Daha vakit varken harekete geçilmeli ve Türkiyemiz için sonu hüsran olabilecek adımların önü kesilmelidir. Trakya Avrupa''ya uzanan kolumuzdur, bu coğrafyada yapılacak stratejik bir hata ile kolumuzu kaptırma ihtimalleri alınacak tedbirlerle ortadan kaldırılmalıdır. (Burada yapılacak kanalın zırhlı birliklerin harekatını engelleyeceği göz ardı edilmemelidir)
Lozan sonrasında Montrö ile kontrolümüze geçen Boğazlar''ı çılgın kanal projesi ile tehlikeye atmamız ihtimal dahilindedir. Montrö Türkiye''mizin emniyet sibobudur. Rusya''nın özellikle ABD''ye bu geçişlerde, "Hoş geldiniz Karadeniz''e, aferin sefanız olsun demez". Çıkacak bir patırtıda, adeta Trakya savaş alanına döner. Lütfen dikkat!
Trakya''nın, askeri yönden stratejik konumu ile araştırması etüdü yapılmadan böyle bir işe girişilmemeli. Trakya bölgemizi mütecavize karşı savunmada Askeri Stratejik yönden de değerlendirilmesi şarttır. Büyükçekmece''de yaşayan arkadaşım Ecz. Celal Öcal''ın kanal inşaatı yüzünden yaşanacak bir tarihi eser katliamına karşı çıkan feryadını da sizlerle paylaşmak isterim:
TÜRK MİLLETİ
Kanal İstanbul''u tanıtan bilgilerin paylaşılmasıyla bu projenin yanlışlığının ve uygulanmasının getireceği mahzurları uzmanlar ortaya koymuştur. Bu sebeplerin biri de, tarihi Küçükçekmece Köprümüzün de yol olacağıdır.
Bu yönde tepki almak istemeyen AKP iktidarı bu gerçeği bildiği için Kanal İstanbul Projesi detaylarını paylaşmamıştır.
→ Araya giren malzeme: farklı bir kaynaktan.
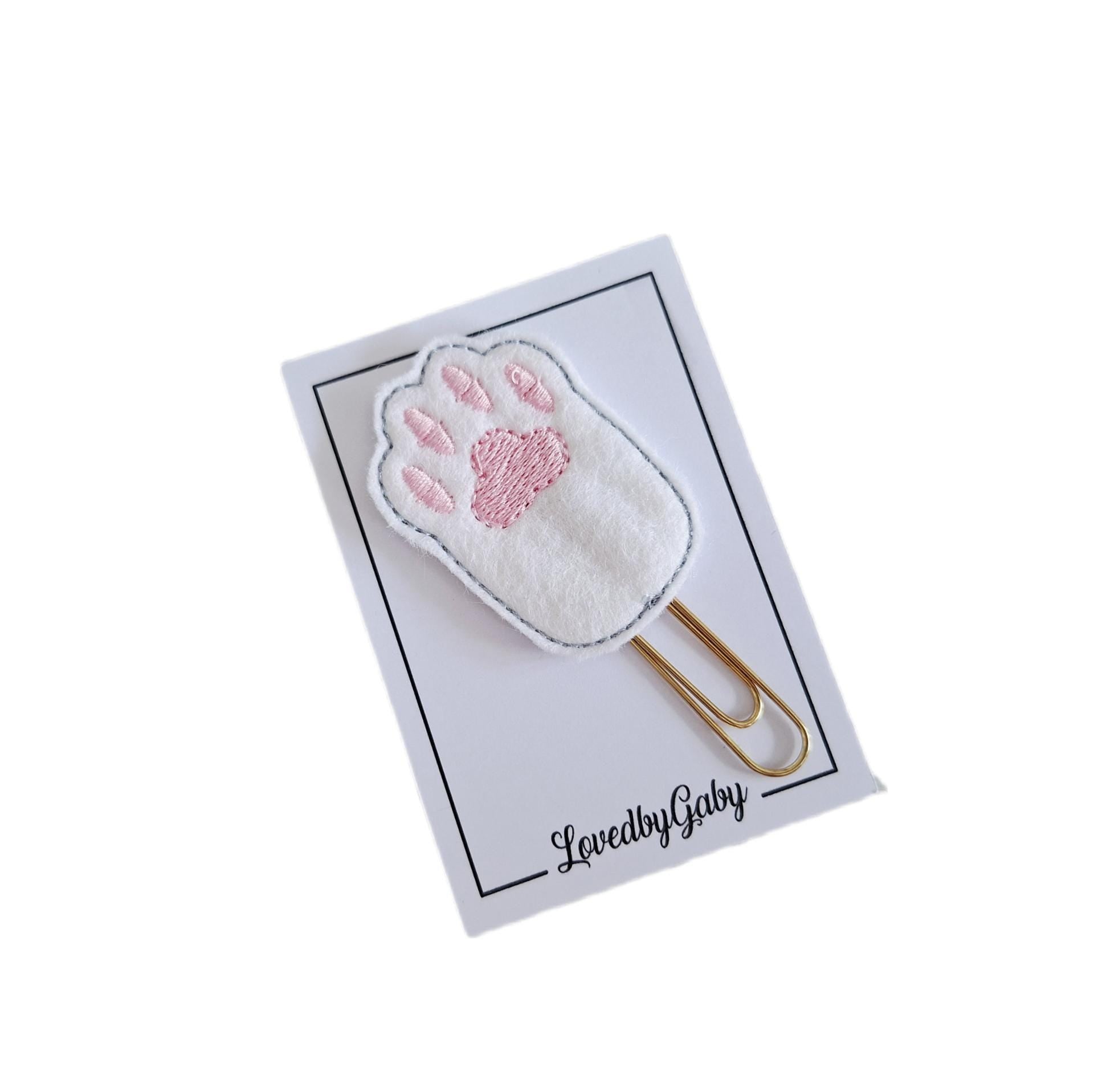 LovedbyGaby paperclips reindeer, hot cocoa and snowman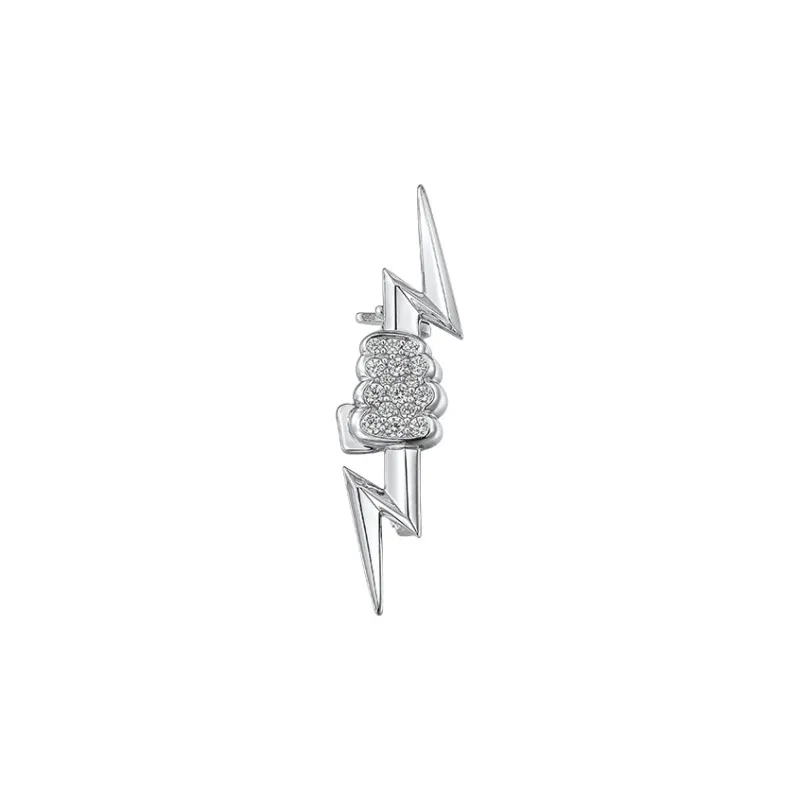 MYSH 925 Sterling Silver Men's Brooch Men's-0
Ancak basında yer alan haberlerde görüldüğü gibi bu projenin uygulanmasıyla üstelik hakkında devletimizin 1. No''lu Kültür ve Tabiat varlıkları Koruma Kurulu kararı bulunan tarihi köprümüz, devlet tarafından yok edilecektir.
Dünyanın hayranlıkla değerlendirdiği Sultanahmet, Şehzadebaşı, Selimiye Camileri hakkında yıkım kararı alınmasına benzer bir karar, asla kabul edilmez, mazur görülemez. Mehmet Akif Ersoy''un şiirinde söylediği gibi;
"Hadi gel yıkalım şu Süleymaniye''yi desen,
İki kazma kürek, iki de ırgat gerek,
Ancak hadi gel yapalım şunu geri desen,
Bir Sinan, bir de Süleyman gerek …"
Siz benzer birçok yapı yaparsınız ama Küçükçekmece Köprüsü''nün bir benzerini asla yapamazsınız. Çünkü siz Süleyman değilsiniz ve yanınızda Mimar Sinan''ınız yok!
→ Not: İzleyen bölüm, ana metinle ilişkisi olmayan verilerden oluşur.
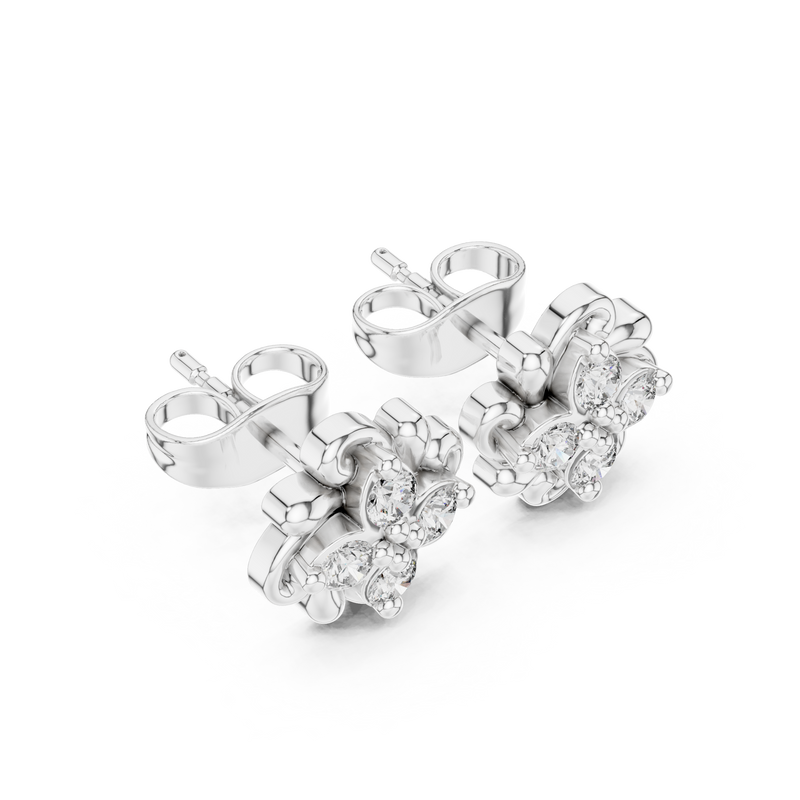 Earring 9#10069E - White Gold - Image
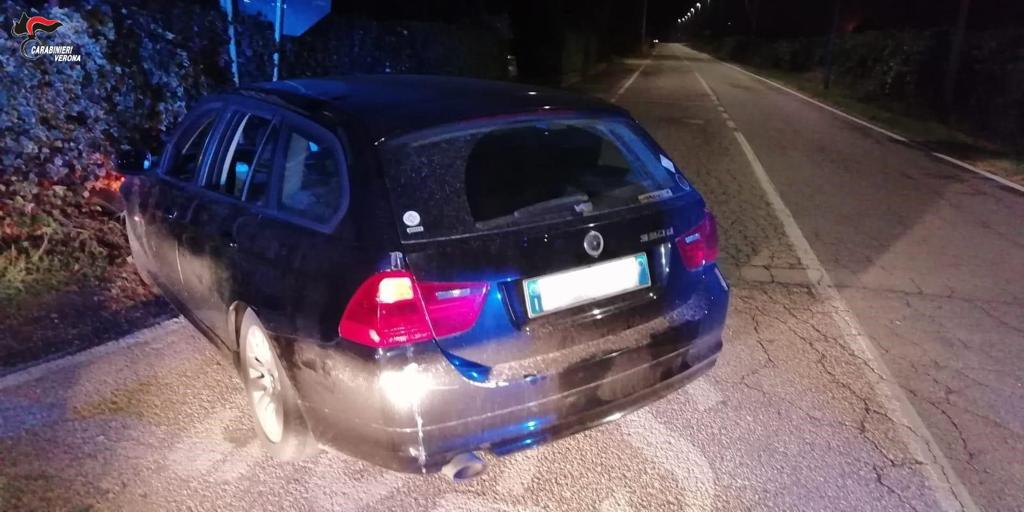 Carabinieri San Bonifacio - fuga e incidente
Kanal İstanbul, tarihi köprümüzü yok ederken, Küçükçekmece''de yaşayan insanımızı da yapılacak en yakın köprüyü kullanmak zorunda bırakacak, evine işine gidişte çok uzak bir yolu kullanmaya mecbur kalacaktır.
Osmanlı dönemi ordunun sefere çıkarken, seferden dönerken kullandığı Menzil yolu üzerindeki Küçükçekmece Köprümüz: son dönem Balkan Savaşı, 1. Dünya Savaşı, İstiklal Savaşı dönemlerinde de çok büyük hizmet gördü. Her gün binlerce insanımızın kullandığı köprümüz Kanal İstanbul için yok edilmek isteniyor. Bu tarih katliamını asla kabul etmiyoruz ve Küçükçekmece Köprüsü''nün yıkılmasına izin vermeyeceğiz. Sessiz kalmayacağız.